Dietitians Dish: Does the use of vitamins and minerals as dietary supplements improve health?
By By Iustina Iznaola
July 29, 2014 at 2:29 a.m.
Vitamins and minerals, in addition to carbohydrates, proteins and fats, play an important role in providing adequate nutrition and preventing nutrient deficiencies that lead to adverse health effects.
For example, vitamin C treats scurvy, niacin treats pellagra. Vitamin D prevents rickets and osteoporosis and iodine treats goiter.
These, among many others, can prevent and treat potentially fatal diseases such as those mentioned above. The great news is that a balanced and varied diet that is rich in fruits and vegetables and lean protein has all the necessary nutrients to ensure good health.
However, the multibillion-dollar industry of dietary supplements has managed to convince many consumers through aggressive advertising that regular intake can prevent or treat certain chronic diseases, promote weight loss and improve overall health.
Many people would agree that their eating habits could be improved but prefer to take a daily supplement as quick nutritional insurance. Indeed the tendency among health professionals is to recommend a daily multivitamin supplement to prevent deficiencies. However, scientific evidence links long-term use of some supplements with increased health side effects.
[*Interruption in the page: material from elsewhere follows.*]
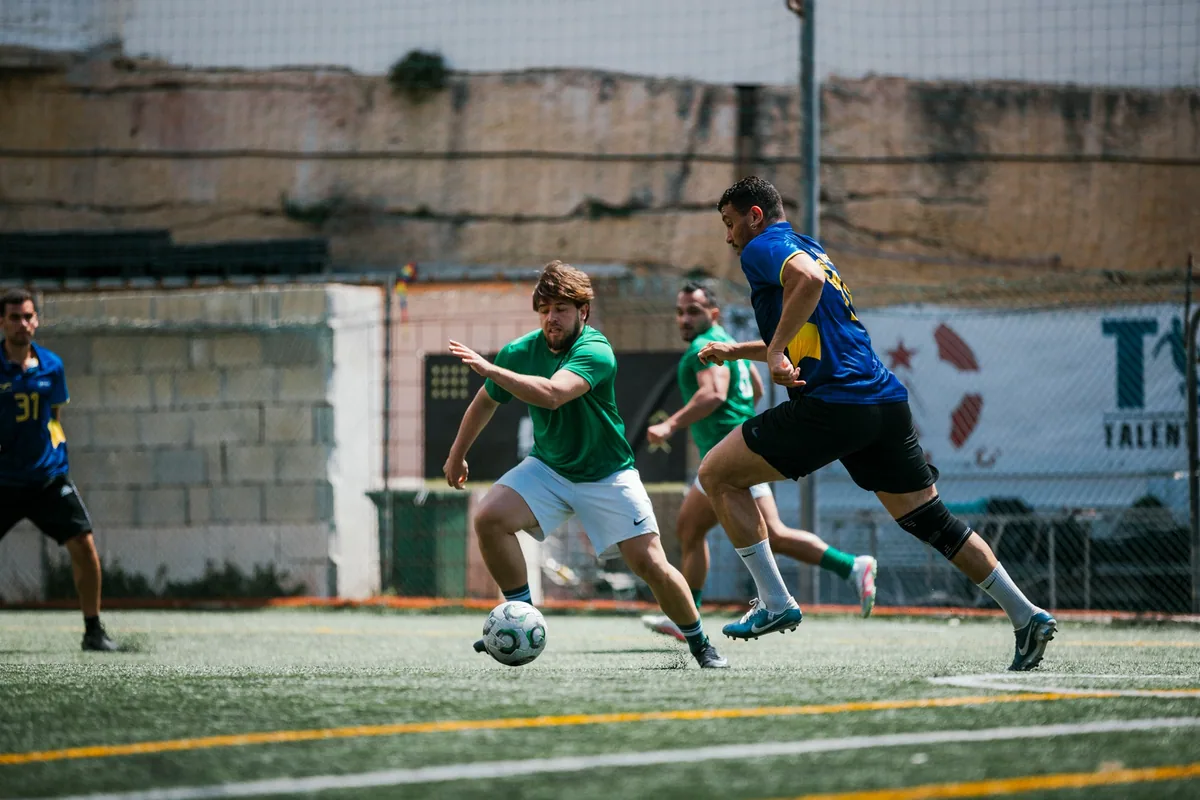 Enteractive and Neo Group contest the ball in the 2025/26 League final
Dietary supplements should be used as their name implies - to supplement the diet and not as substitutes for whole foods and meals. People's nutritional needs may be different throughout their life and at a certain point, they may truly benefit from taking supplements. For example, pregnant women should take iron and folate to prevent neural tube defects. Newborns are required to receive a shot of vitamin K at birth.
Elderly should take a higher dose of calcium to minimize risks associated with weakened bones. Vegetarians may be low in vitamin B12, riboflavin, iron and zinc and a daily multivitamin may be strongly recommended. Hospitalized patients who are seriously ill also benefit from taking supplements.
However, over-the-counter supplements should not be used by the general population at his or her pleasure and convenience.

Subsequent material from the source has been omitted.